Грядущее восстание

Грядущее восстание

С какой бы стороны мы ни смотрели на наше настоящее, оно безысходно. В этом — одна из его главнейших черт! Оно выбивает почву из-под ног даже у тех, кто хочет надеяться до последнего. Любой смельчак, утверждающий, будто знает, что делать, будет тут же разоблачен. И все кругом соглашаются, что дальше будет только хуже. «У будущего больше нет будущего» — такова мудрость наступившей эпохи, которая кажется убийственно нормальной и напоминает состояние духа первых панков.

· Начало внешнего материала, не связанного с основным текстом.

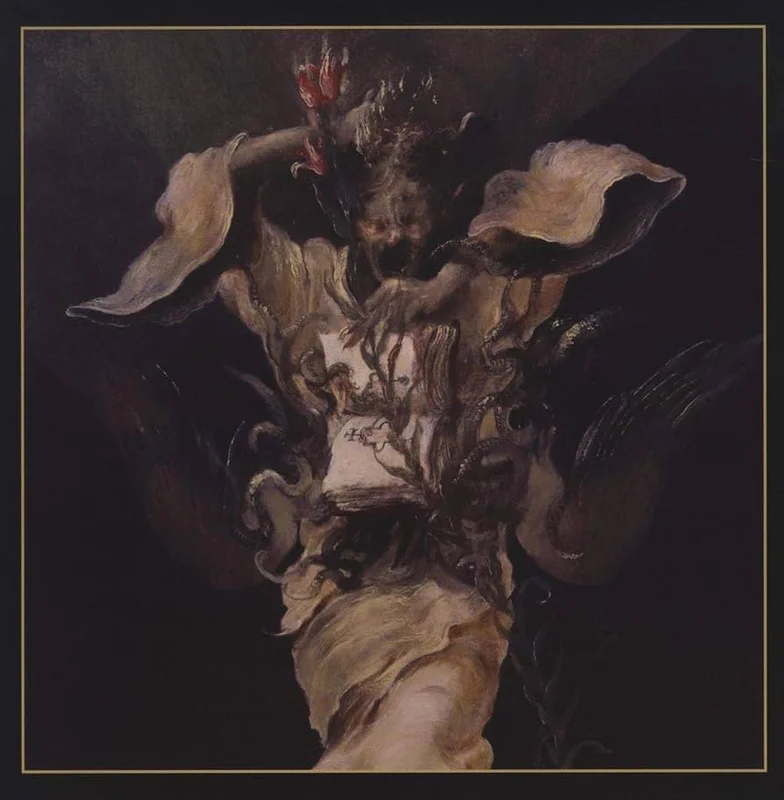 Behemoth The Satanist (2xLP)
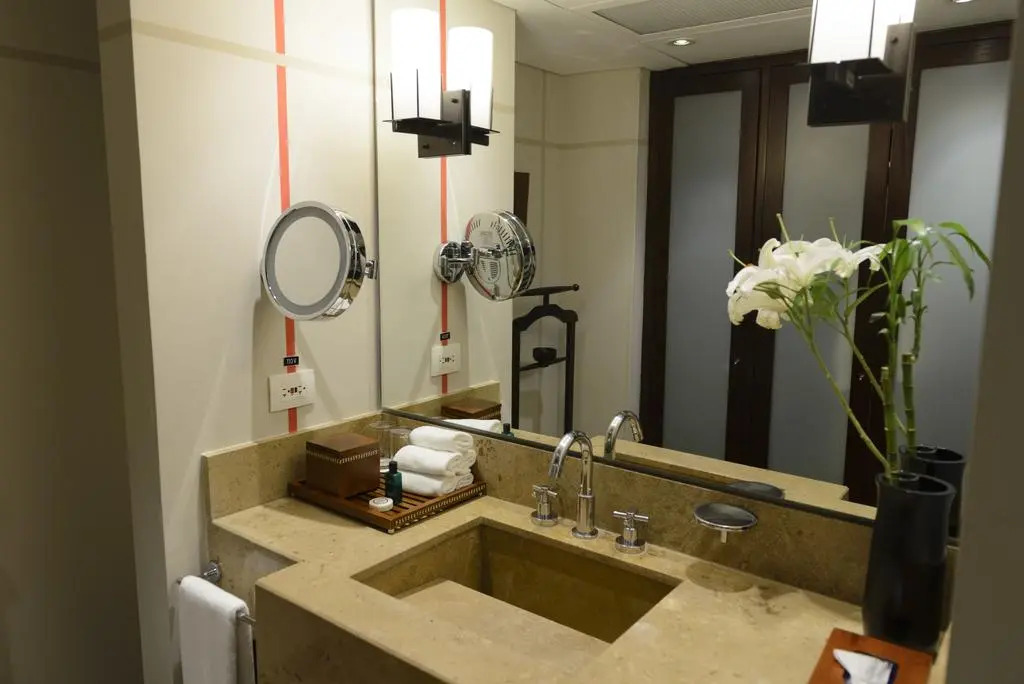 Sofitel Bogota Victoria Regia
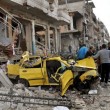 Siria, attentati Isis ad Homs e Damasco: 180 morti01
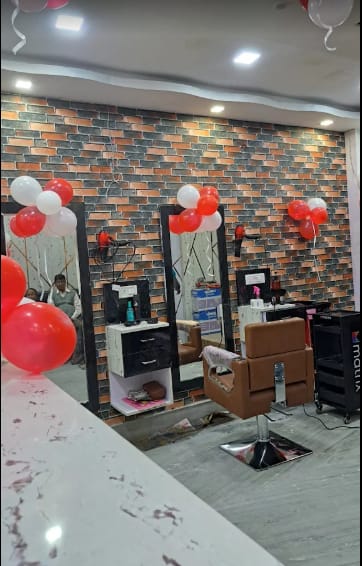 Dreams Hair Family Salon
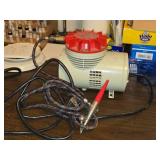 Paasche Airbrush Travelers Kit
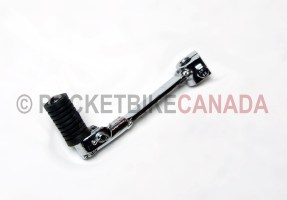 Gear Shift Lever for 50cc, X21A, Dirt Bike 4 Stroke - G2030031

Сфера политического представления схлопывается на наших глазах. На левом и правом флангах одно и то же ничтожество принимает позы вождей или насвистывает невинные напевы, одни и те же выскочки обмениваются репликами, следуя последним инструкциям своих пиар-отделов. Кажется, те, кто все еще голосует, мечтают лишь о том, чтобы взорвать урны, ибо они голосуют против. Тут-то и становится очевидным, что люди продолжают голосовать именно против самого института голосования. В такой ситуации не удовлетворяет ни один вариант, вырисовывающийся на горизонте. Самим своим молчанием народ доказывает свою гораздо большую зрелость, чем все эти жестикулирующие марионетки, которые дерутся друг с другом за право им руководить. Возьмите первого попавшегося старика-магребинца из Бельвиля, и он окажется мудрее, чем любой из наших так называемых правителей в любой из своих деклараций. Крышка социального котла закручивается на три оборота, и изнутри паровое давление все нарастает. Призрак «Que se vayan todos!»,[1] впервые замеченный в Аргентине, начинает всерьез пугать правителей.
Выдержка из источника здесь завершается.